Thank you and Good day.
Eyal

HuguesTHOMAS · 2021-02-01T17:43:51Z

You can reduce the batch size a little but I would not recommend using a value smaller than 4 or 5.
The other parameter that you can reduce is the input radius or in the same manner, you can increase the first subsampling dl. The number of points in each input sphere is directly controlled by the ratio between input radius and subsampling dl.

eyalol · 2021-02-01T18:26:18Z

You can reduce the batch size a little but I would not recommend using a value smaller than 4 or 5.
The other parameter that you can reduce is the input radius or in the same manner, you can increase the first subsampling dl. The number of points in each input sphere is directly controlled by the ratio between input radius and subsampling dl.
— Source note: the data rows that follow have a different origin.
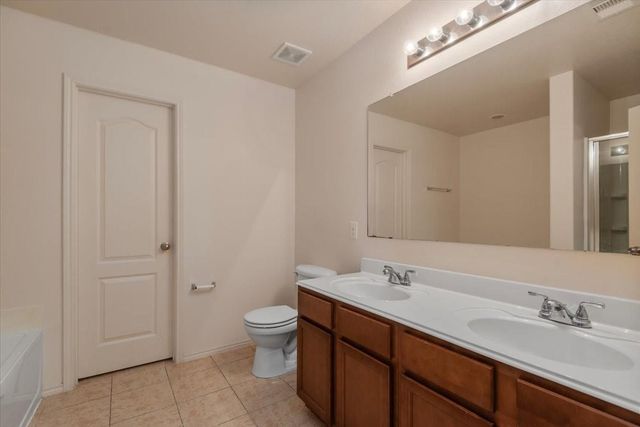 8723 Summerset Meadow Court, Houston, TX 77075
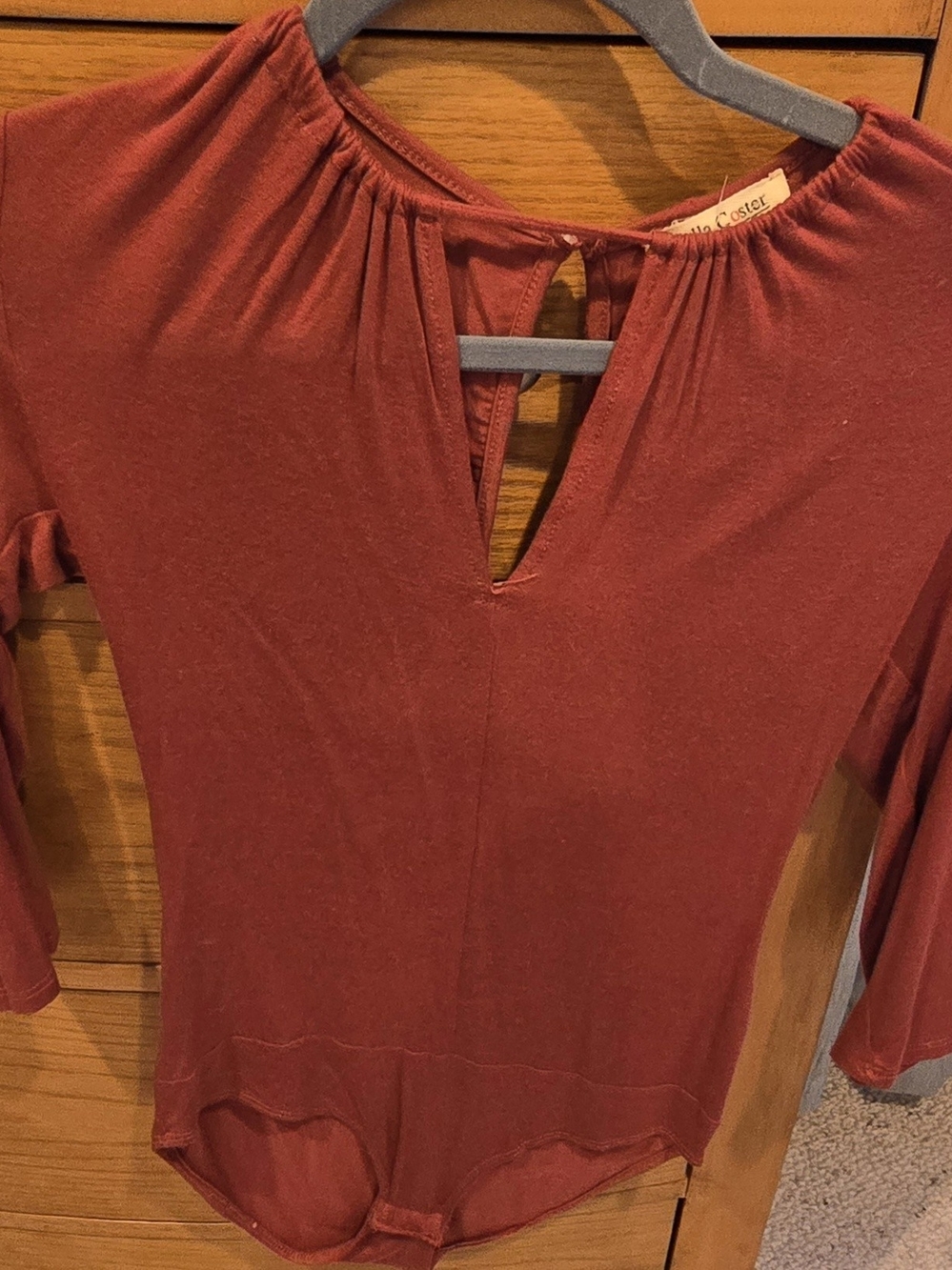 Bella Coster Burgundy V-Neck Long Sleeve Top, Keyhole Front And Back, S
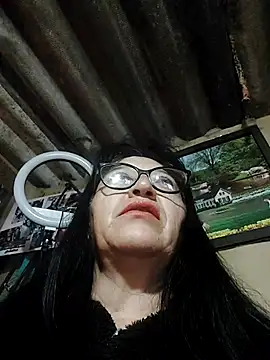 clarita 01 online show from 11-20-25, 10:38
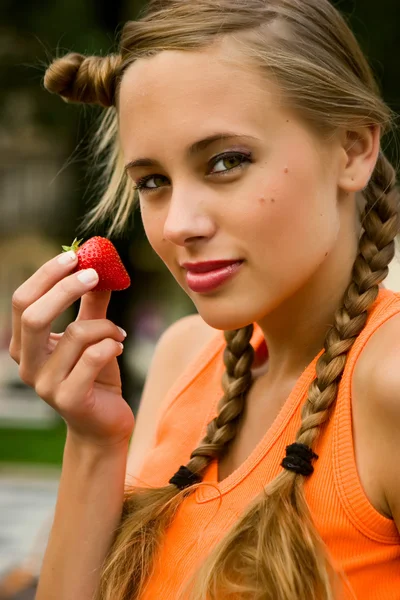 Girl hold strawberry — Stock Photo, Image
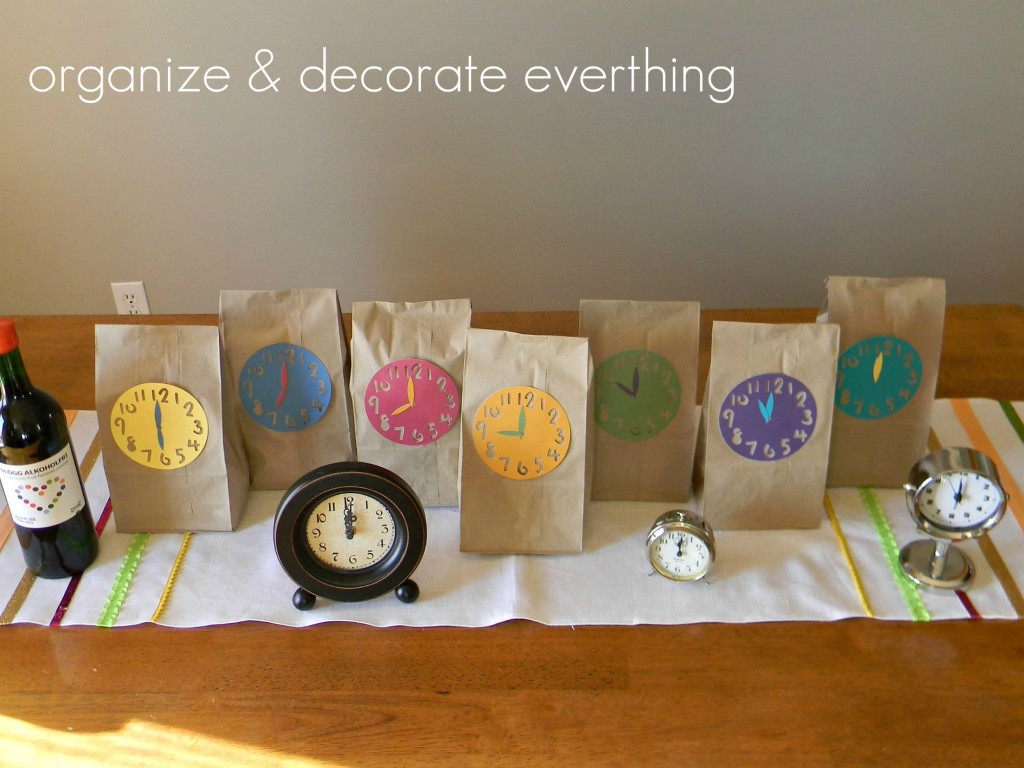 New Years Eve Countdown Bags - Organize and Decorate Everything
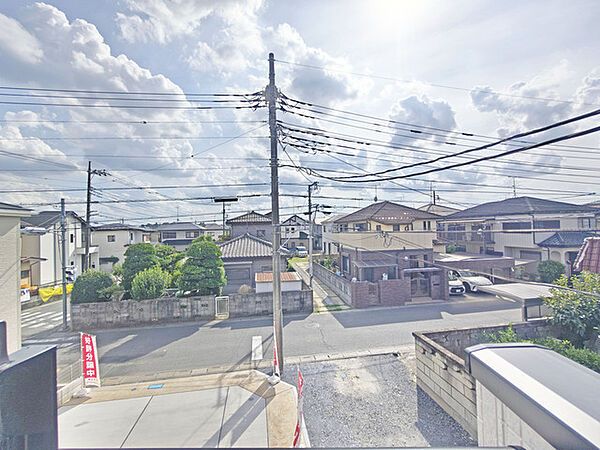 前面の住まいとの距離感があるから、圧迫感を感じません。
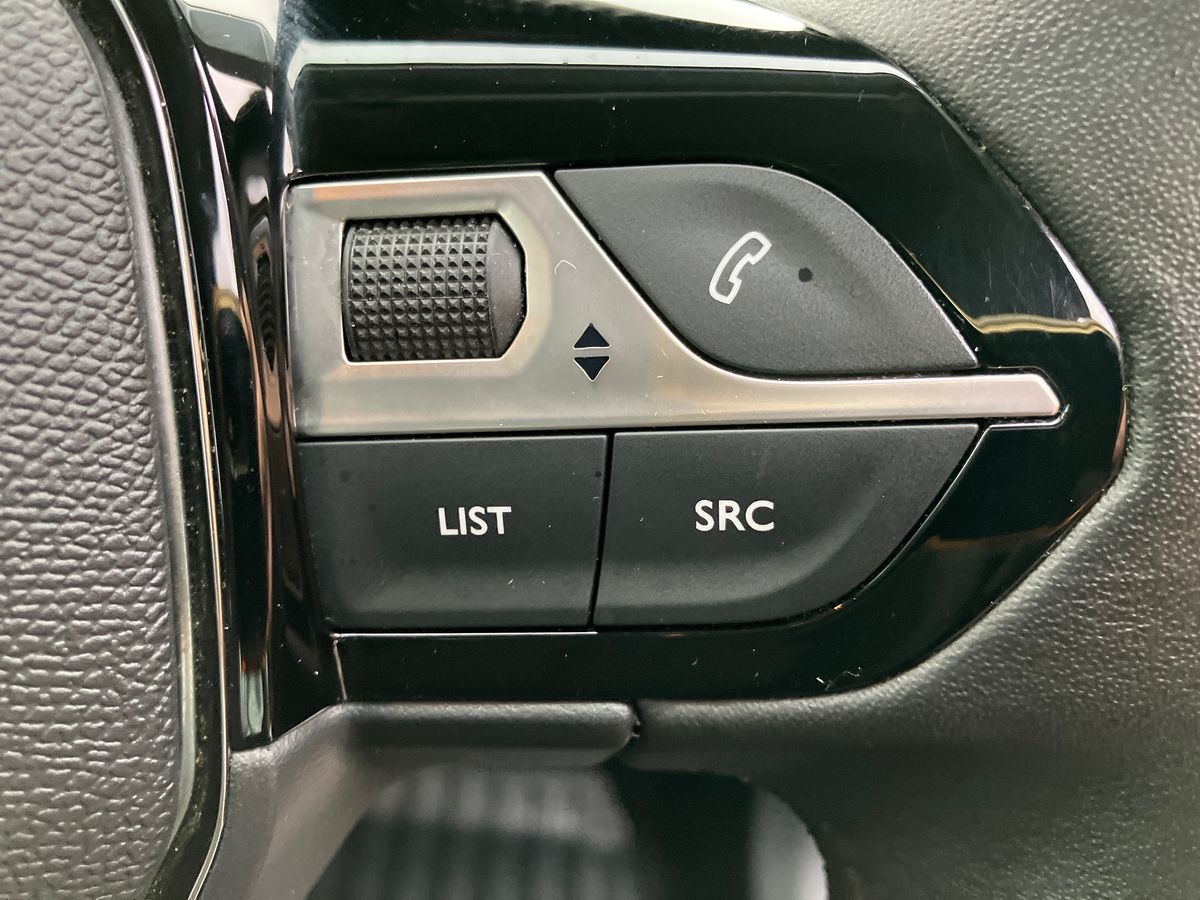 Used Peugeot 208 2024 for sale - 77051658: Photo 35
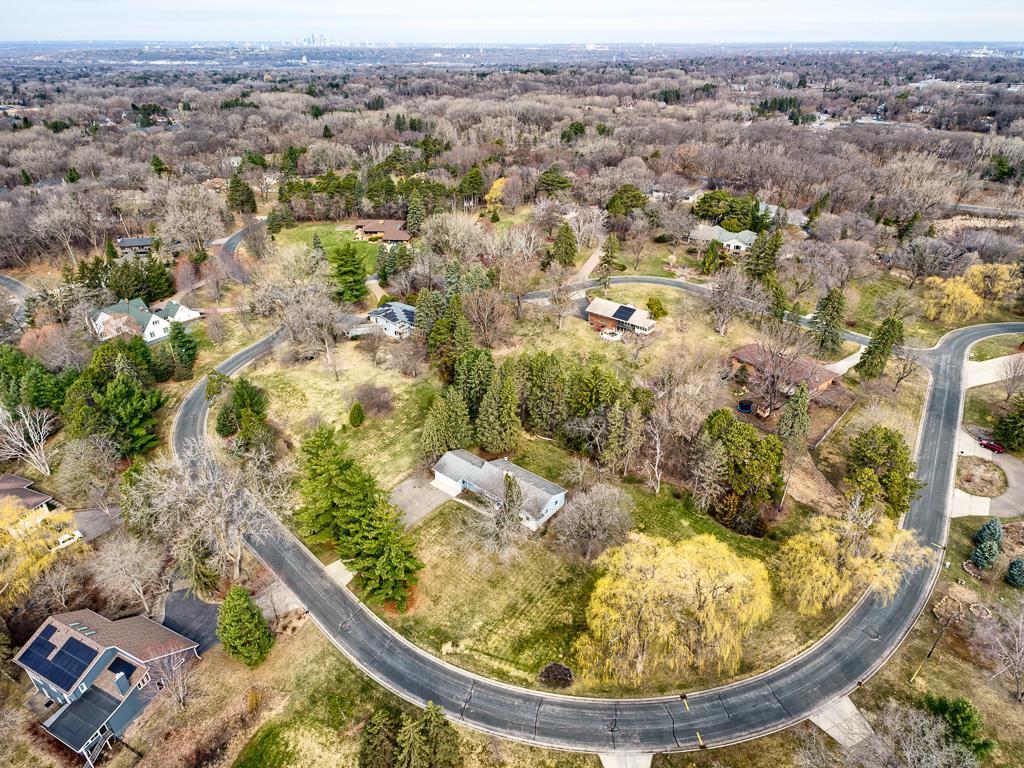 Conveniently close to downtown amenities and attractions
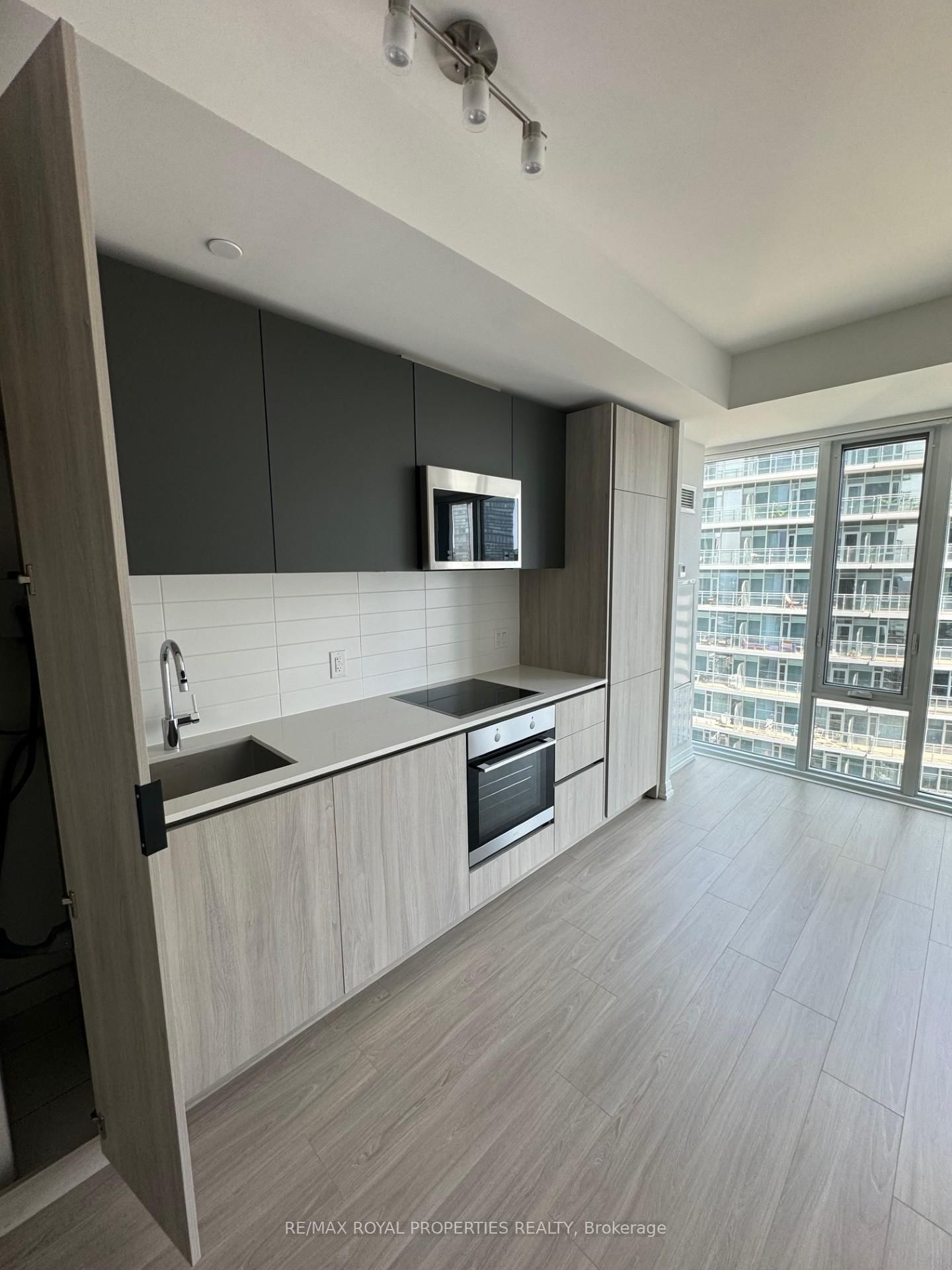 8 Widmer St, unit 4508 for rent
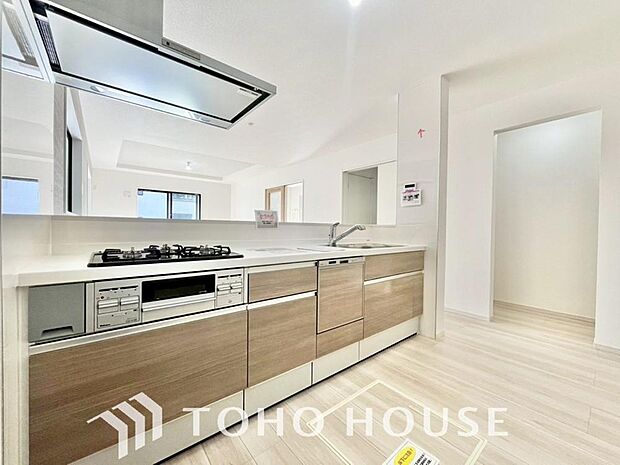 キッチンの収納は、デッドスペースになりやすい箇所を有効活用できる、スライド式収納を採用しました。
I don't think it's a good idea, I should probably modify the data loader to load the point cloud in tiles. any advice regarding this topic would be wonderful.

Thanks for everything Hugues.

HuguesTHOMAS · 2021-02-01T18:35:51Z

Why wouldn't it be a good idea? I don't see how tiles would solve your issues. Are you using my data loader which picks random spheres in the point clouds? If yes, I can definitely tell you that reducing the sphere radius is a good idea. I often found it improved the performances

eyalol · 2021-02-01T18:51:22Z

As of today, I've tried training the entire DALES dataset on my 16GB GPU, which went into CUDA memory error in the backward call. afterward tried training just one of the samples, and still got the CUDA memory error, so I assume tuning hyperparameters wouldn't really make a difference with loading the entire set (Correct me if I'm wrong).
Thus I can tell that I have severe RAM issue, so splitting to tiles would probably solve this issue, just like patches in images, I
I plan on loading them one by one to the GPU and run the network each time, instead of loading the whole dataset into memory. If I'm not wrong I think you even mentioned this idea in one of the issues regarding the DALES dataset.
Would like to hear what you think.

eyalol · 2021-02-03T16:01:24Z

Hello again! @HuguesTHOMAS I've tried running the network on just one ply file of dales, containing about 1 million points, with:
batch_num = 4
in_radius = 20
num_kernel_points = 15
conv_radius = 2.5
deform_radius = 6

And still got the CUDA error on my 16GB GPU.
Does it makes sense to you? or do you think something's wrong with my GPU?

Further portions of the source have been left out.